UNO Documentary: Arabi Tornado

What: Arabi Tornado

Film By: Aidan Edler

Editors Note: ViaNolaVie partners with students of UNO professor László Zsolt Fülöp, pairing them with artists, non-profits, environmental groups, and cultural entities to facilitate a live curriculum that results in a short documentary. Aidan Edler, a film student at University of New Orleans, provides us with a documentary about the Arabi tornado and all that it touched. 

[Full Transcript]

Chaos, destruction, depression, and even death. These four words with negative connotations were all seen in full effect in the town of Arabi after an F3 tornado ripped through the neighborhood on the fateful day of March 22nd, 2022.

A tornado, which is the strongest on record for the Metropolitan New Orleans area, had Peak Winds of 160 miles per hour and traveled over 11 miles, according to the National Weather Service. Homes were leveled, cars were destroyed, and multiple power lines were down.

The residents of Arabi were not prepared for such a natural disaster, as the area is more prone to and ready for hurricanes. This event went to show that no matter how prepared and ready one is there is never a moment that can leave one too cautious. Residents were horrified, heartbroken, and traumatized to see such widespread destruction and terror happen in such a short amount of time was unheard of in Arabi prior. Families lost their homes and possessions in the blink of an eye. To have your hard-earned home and possessions disappear in the blink of an eye is something no one ever wants to have to go through.

As a resident of Arabi myself, I was right in the center of this horrific event. One moment I was in my room watching television. The next I was rushing to the bathroom to get away from any window or door. Terror is excruciating. The transition from what sounds like normal rain to the sound of a freight train barreling down your street can send shivers down the spines of even the toughest of spirits.

Heading to the bathroom, my family and I’s first instinct was to all head to the bathtub. We held each other and covered our faces. While the actual duration of the tornado traveling down my street was approximately 10 seconds, the moment felt as if it had lasted hours. The fear that one experiences in these ordeals distort time to an incredible degree.

Arguably the worst part of my family and I’s experience with the tornado was witnessing the aftermath. We immediately traveled throughout Arabi on foot to see if our fellow neighbors needed any help. The faces of those who had lost everything is something that I will never forget. The terror. The screams. The whales. The embrace of human to humans to comfort each other with tears streaming down their faces was something that I had not experienced before. I froze in shock trying to process the otherworldly sites I was witnessing.

Fortunately, my house was not too damaged. We had two broken windows, some roof damage, and debris was thrown about our backyard. But compared to others we saw we were nothing if not fortunate we still had a house. The same could not be said for others. Others had no house to re-enter as a tornado took houses back down to their foundations.
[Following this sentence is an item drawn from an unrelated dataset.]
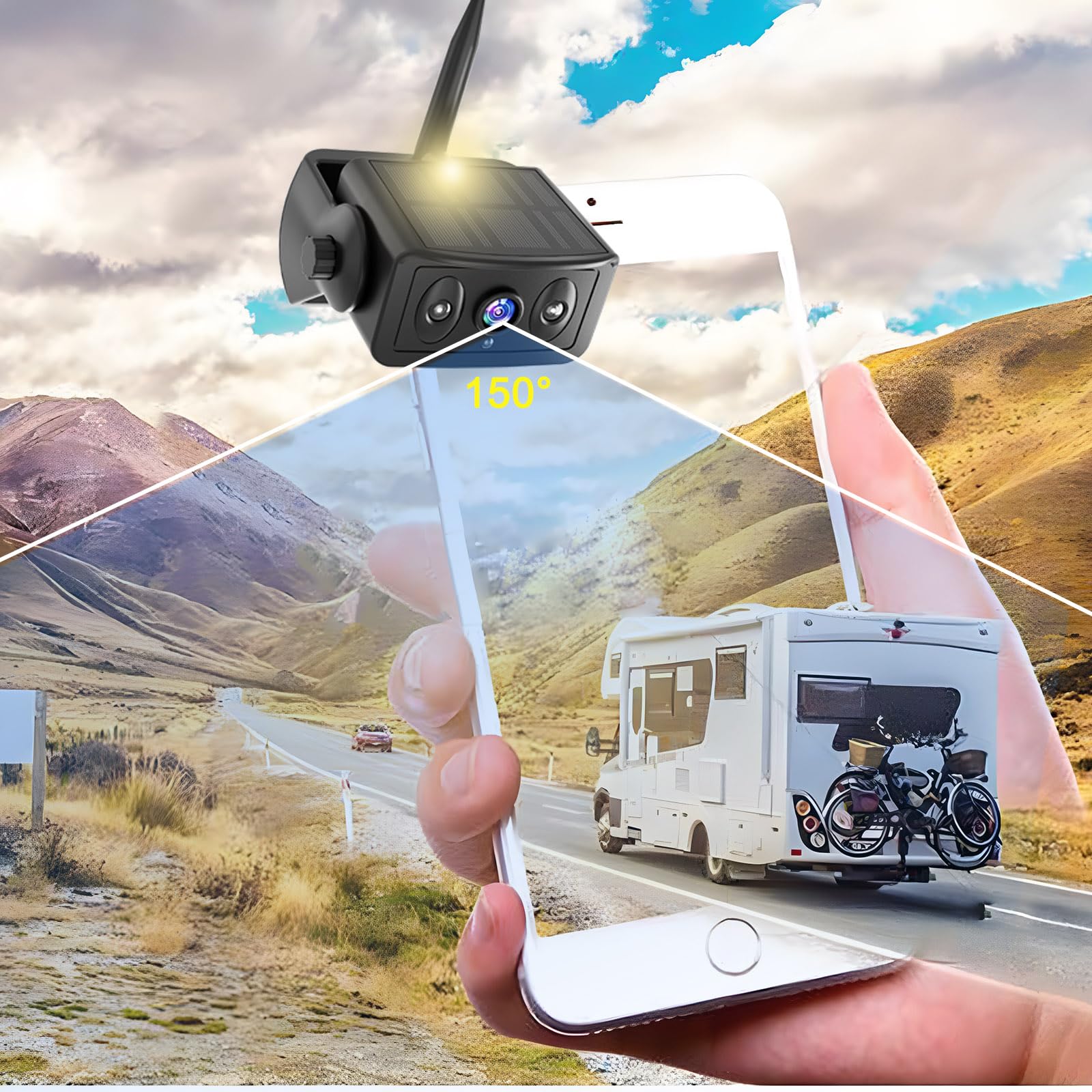 Solar-Powered Wireless Backup Camera for RV, Truck, Camper & Trailer - Magnetic Mount, No Wiring/Drilling, HD Night Vision, Waterproof, Low Power - Compatible with iPhone & Android - Perfect for Parking, Reversing & Towing in Low Light Conditions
Strangely, the thing that has stuck out to me most about this entire situation was one thing: Resilience. To see people go from tears to immediately setting out to rebuild and fix their lives was astounding. They did not take days to grieve and pout, the residents of

Arabi sought out to write this widespread wrong and move on as a tornado was my first true experience with witnessing the power and determination of humans. No matter how hard people are hit by misfortune and tragedy, we will not sit idle and wait for change to just magically happen. No. We will make it our duty to rebuild and help one another. We will rise from the rubble the ashes the debris. As terrible as this tornado was for Arabi, I am glad that I was able to be a part of that moment.

To see firsthand how strong and impressive humanity truly is has led me to become a better and more actualized person. I feel as if this tornado is defining moment of my life.